I have then written a simple script to extract all certain strings:

with open('output.txt', 'r') as searchfile:
for line in searchfile:
    if 'HELLO' in line:
        print(line)

And now I can use all these strings containing the word HELLO to add to my databse if that is what I wanted.

My questions is:

Is the only way or can PDFinder grab conditional stuff before even spitting it out to the txt, html or even straight into the database?

James Kolber
  • 7
  • 1
  • 6

1 Answers1

1

Well, yes, you can: PDFMiner has API.

The basic example sais

from pdfminer.pdfparser import PDFParser
from pdfminer.pdfdocument import PDFDocument
from pdfminer.pdfpage import PDFPage
from pdfminer.pdfpage import PDFTextExtractionNotAllowed
from pdfminer.pdfinterp import PDFResourceManager
from pdfminer.pdfinterp import PDFPageInterpreter
from pdfminer.pdfdevice import PDFDevice

# Open a PDF file.
fp = open('mypdf.pdf', 'rb')
# Create a PDF parser object associated with the file object.
parser = PDFParser(fp)
# Create a PDF document object that stores the document structure.
# Supply the password for initialization.
document = PDFDocument(parser, password)
# Check if the document allows text extraction.
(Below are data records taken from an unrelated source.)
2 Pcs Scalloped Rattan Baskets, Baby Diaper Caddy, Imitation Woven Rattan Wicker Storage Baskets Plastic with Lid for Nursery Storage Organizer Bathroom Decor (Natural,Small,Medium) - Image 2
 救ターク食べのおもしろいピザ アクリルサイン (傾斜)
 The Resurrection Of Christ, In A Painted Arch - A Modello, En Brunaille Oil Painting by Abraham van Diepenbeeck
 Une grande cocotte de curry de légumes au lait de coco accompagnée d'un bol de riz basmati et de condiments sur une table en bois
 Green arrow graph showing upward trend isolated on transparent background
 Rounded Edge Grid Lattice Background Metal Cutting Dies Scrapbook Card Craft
If not, abort.
if not document.is_extractable:
    raise PDFTextExtractionNotAllowed
# Create a PDF resource manager object that stores shared resources.
rsrcmgr = PDFResourceManager()
# Create a PDF device object.
device = PDFDevice(rsrcmgr)
# Create a PDF interpreter object.
interpreter = PDFPageInterpreter(rsrcmgr, device)
# Process each page contained in the document.
for page in PDFPage.create_pages(document):
    interpreter.process_page(page)
    # do stuff with the page here

and in the loop you should go with

    # receive the LTPage object for the page.
    layout = device.get_result()

and then use LTTextBox object. You have to analyse that. There's no full example in the docs, but you may check out the pdf2txt.py source which will help you to find missing pieces (although it does much more since it parses options and applies them).

And once you have the code that extracts the text, you can do what you want before saving a file. Including searching for certain parts of text.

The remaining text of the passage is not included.